Do you put your work, career or making money before the relationship?
Do you sometimes feel selfish for thinking that your partner is putting his or her work, career or making money before the relationship?
The feelings that you’re not as important to your partner may not just be a selfish feeling. The findings of a research published Oct. 13 in the Journal of Couple & Relationship Therapy confirm that if your partner isn’t acting like your relationship is that important to him or her, chances are it isn’t.
Scholars at Brigham Young University studied 1,734 married couples across the United States. Each couple completed a relationship evaluation, part of which asked how much they value “having money and lots of things.”
The researchers’ statistical analysis showed that couples who say money is not important to them score about 10 to 15 percent better on marriage stability and other measures of relationship quality than couples where one or both are materialistic.
“Couples where both spouses are materialistic were worse off on nearly every measure we looked at,” said Jason Carroll, a BYU professor of family life and lead author of the study. “There is a pervasive pattern in the data of eroding communication, poor conflict resolution and low responsiveness to each other.”
For one in five couples in the study, both partners admitted a strong love of money. Though these couples were better off financially, money was often a bigger source of conflict for them.

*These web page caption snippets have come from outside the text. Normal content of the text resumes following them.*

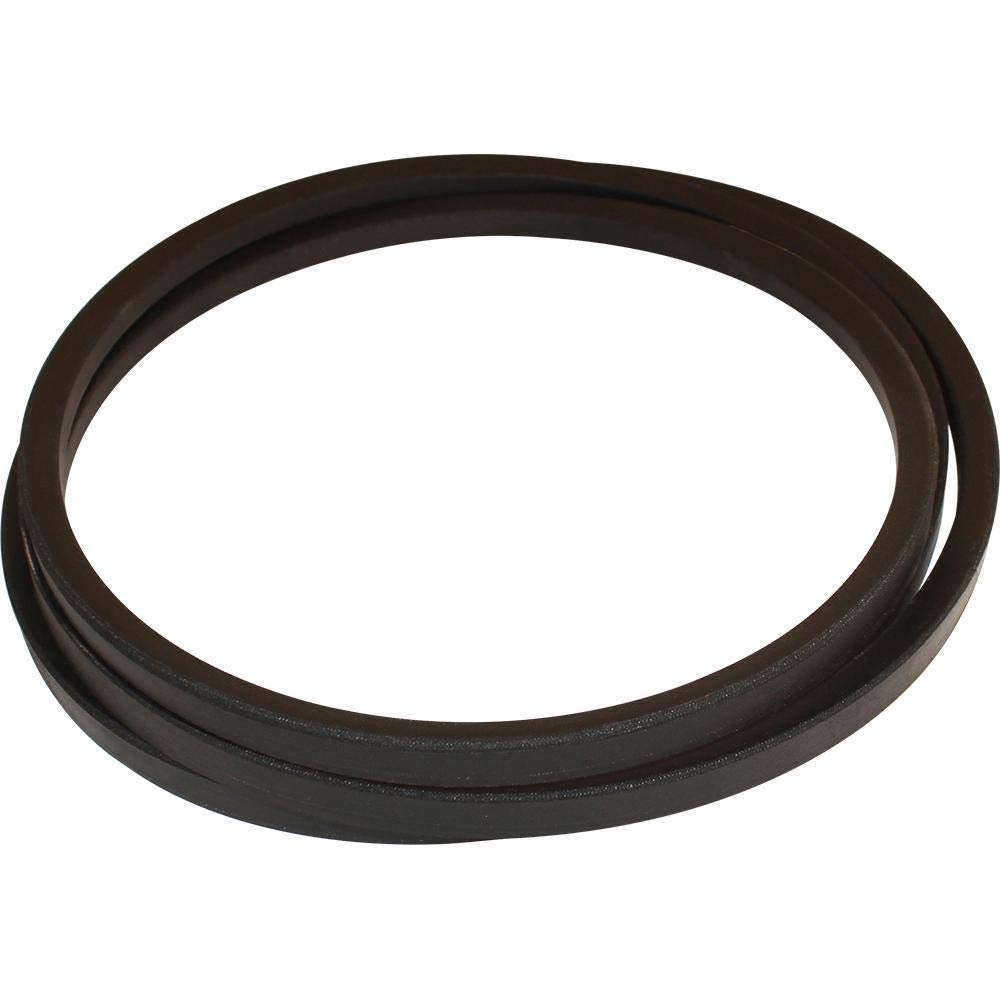 RAParts AM9811480 Belt - Cleaning Fan Drive Belt Replacement for Efficient Cooling System | Compatible with Various Equipment | Durable & High-Performance for Industrial & Home Use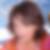 Profilbild von Barbara Hans
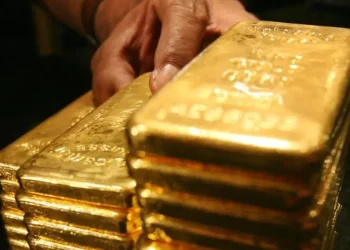 തീപിടിച്ച് സ്വർണം; ഇന്നും 1,000 രൂപയിലധികം കത്തിക്കയറി, പവൻ 87,000ലേക്ക്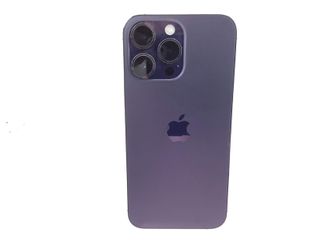 apple iphone 14 pro max 128gb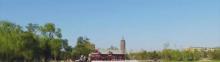 京杭大运河29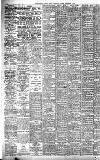 Western Evening Herald Tuesday 07 September 1915 Page 2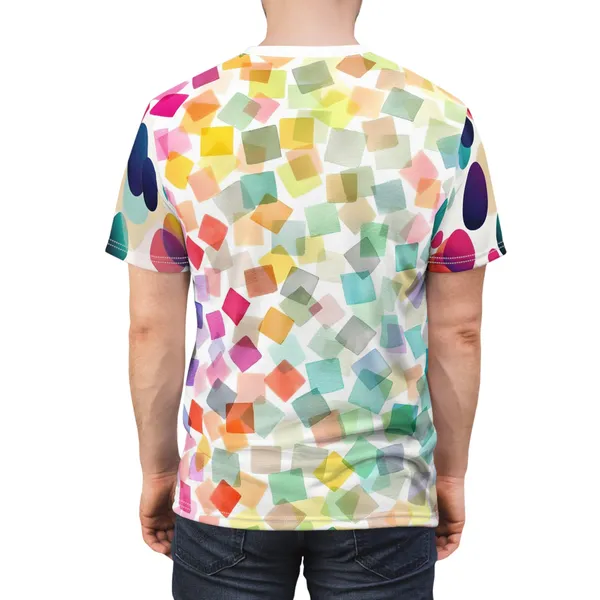 Colorful_Expression_T_Shirt_White_Stitching_4_Oz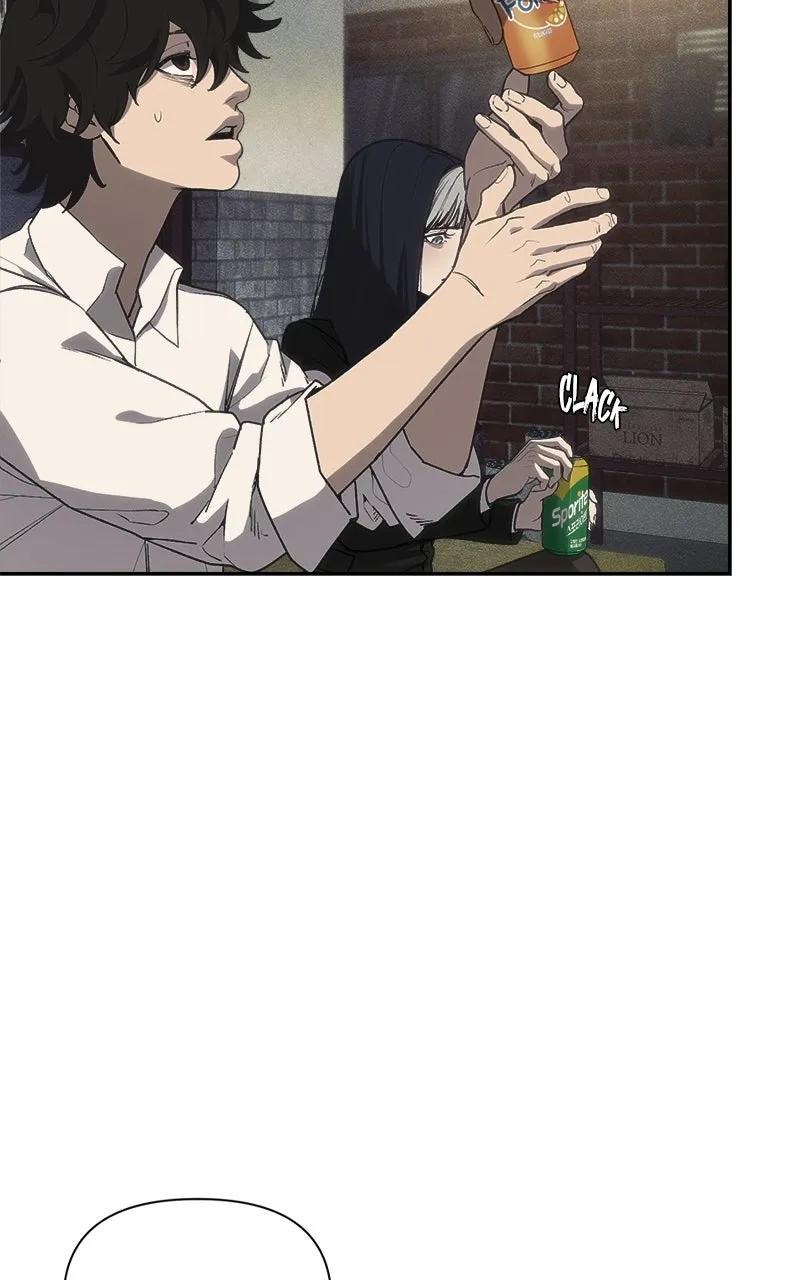 Read ShaMONEYism chapter 3 image 31 on Lezhin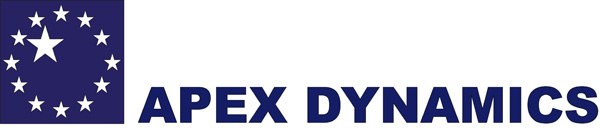 apex_dynamics_logo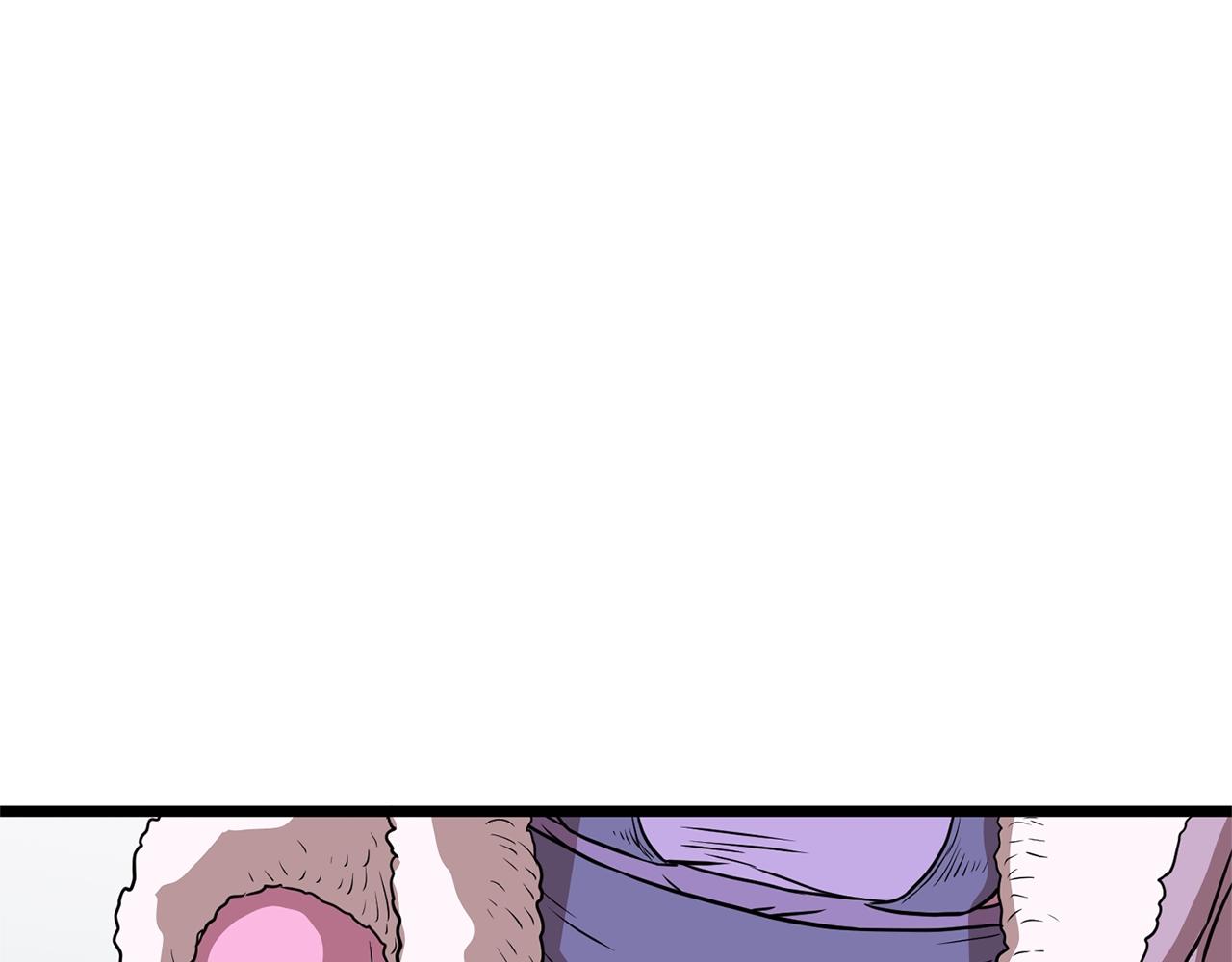第79话 任务升级78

“How these couples perceive their finances seems to be more important to their marital health than their actual financial situation,” Carroll said.
And despite their shared materialism, materialistic couples’ relationships were in poorer shape than couples who were mismatched and had just one materialist in the marriage.
The study’s overall findings were somewhat surprising to Carroll because materialism was only measured by self-evaluations.
“Sometimes people can deceive themselves about how important their relationships are to them,” Carroll said. “It’s helpful to step back and look at where you focus your time.”